The difference between the two formats, Liles says, is that the CABA seminars are day-long events with multiple speakers, whereas the Brown Bag Series will encompass the same number of speakers over a number of weeks - one speaker each week held during the lunch hour – hence the name of the program, which suggests that participants bring along a brown bag lunch.
The first series of talks is focusing on various issues dealing with carbon in the Delta – its accumulation in the vegetation, its release into the atmosphere, new methods of measuring the element, and so on. Liles says the seminars will become another example of creating and using best available science in the study of the Delta (in this case, carbon) to promote ecosystem restoration, one of the state-mandated coequal goals outlined in the Council’s Delta Plan.
For instance, Liles says if an ecosystem restoration plan in the Delta calls for the creation of vegetation that naturally accumulates carbon molecules, the resulting net effect may offset the amount of emissions, like carbon monoxide from burning fossil fuels, being released into the atmosphere by another region.
“We’ve been focusing on easy-to-see points of carbon release like smokestacks, and viewing carbon accumulation as only an ‘extra benefit’,” said Liles. “We hope to eventually view the accumulation as a primary benefit, thereby promoting the creation of wetlands as being more than just a new habitat for wildlife.”

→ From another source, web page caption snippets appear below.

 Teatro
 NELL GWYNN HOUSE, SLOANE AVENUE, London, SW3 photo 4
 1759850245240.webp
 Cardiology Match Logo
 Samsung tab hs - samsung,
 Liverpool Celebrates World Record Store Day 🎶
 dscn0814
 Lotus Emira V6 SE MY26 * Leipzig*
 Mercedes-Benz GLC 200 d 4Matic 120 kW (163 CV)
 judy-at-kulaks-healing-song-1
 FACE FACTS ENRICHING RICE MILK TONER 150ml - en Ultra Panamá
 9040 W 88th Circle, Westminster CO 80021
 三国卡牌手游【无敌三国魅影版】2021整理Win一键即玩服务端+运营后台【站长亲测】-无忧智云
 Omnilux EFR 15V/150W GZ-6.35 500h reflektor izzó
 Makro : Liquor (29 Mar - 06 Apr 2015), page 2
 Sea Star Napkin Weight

Liles says discussion points may also veer away from the strictly scientific arena when dealing with topics like carbon. For instance, the March 17 meeting included a conversation on the practice of “cap-and-trade,” a market-based approach used to control pollution by providing economic incentives for achieving reductions in the emission of pollutants. Such a discussion, however, was first staged with a talk on measuring carbon.

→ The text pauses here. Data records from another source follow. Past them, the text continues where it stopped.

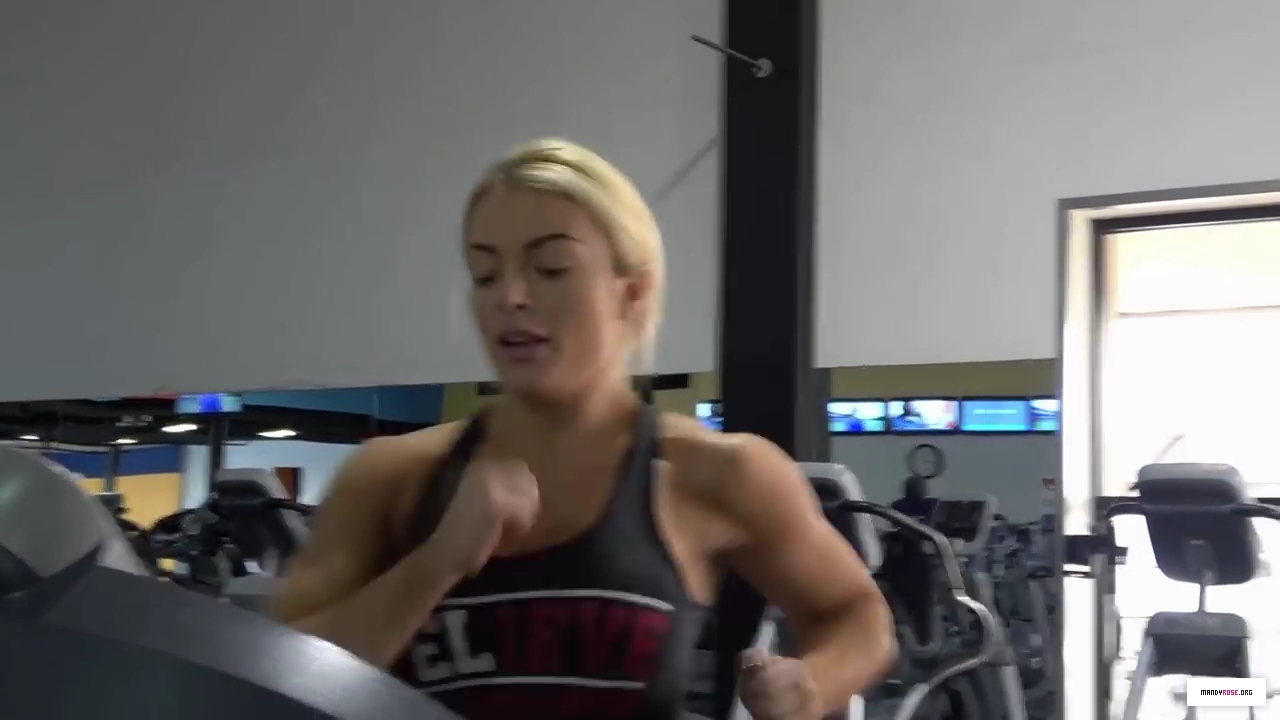 Celtic_Warrior_Workouts_Ep_016_Absolution_Full_Body_with_Sonya_DeVille__Mandy_Rose_mp40846.jpg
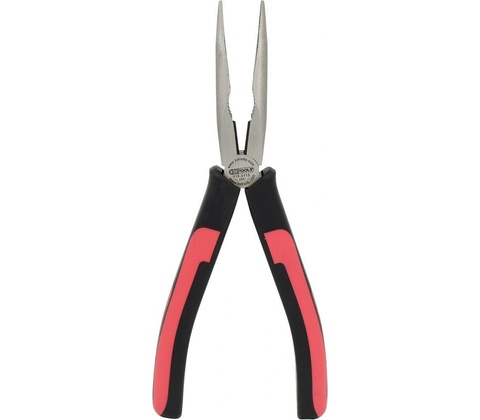 KS Tools 1152113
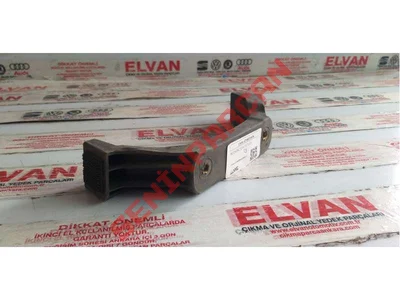 1Z1863350A - BLENDAJ IÇIN TUTUCU - İkinci El Orjinal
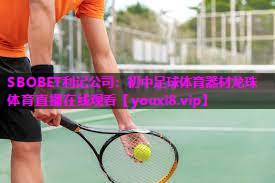 SBOBET利记公司：初中足球体育器材龙珠体育直播在线观看
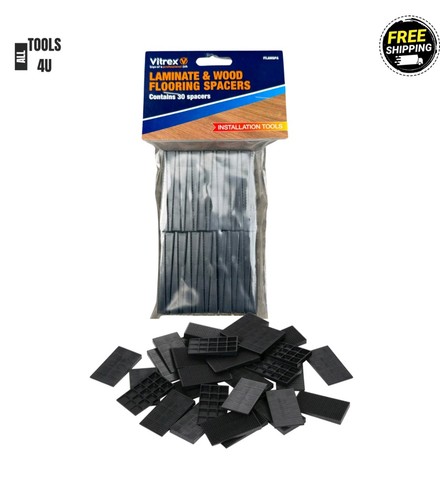 Vitrex laminate wood - vitrex,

“There is a need to quantify the amount of carbon in our environment so we can begin to manage it,” said Liles. “This creates land-use mechanisms and adaptive management practices that allow decision-makers options to either increase or reduce the amount of carbon in a given region.”
Following the Brown Bag Series on carbon, Liles says the summer seminars will include discussions on ecosystem habitat restoration in the Delta. Other such topics will then round out the remainder of the year.
At the conclusion of each series of seminars, the Delta Science Program staff will draft a scientific paper synthesizing the topics discussed throughout the presentations. The paper will then be peer-reviewed and published in the Council-sponsored San Francisco Estuary and Watershed Science online journal. This will make the paper a credible and valuable resource for decision-makers in search of scientific data supporting their management decisions.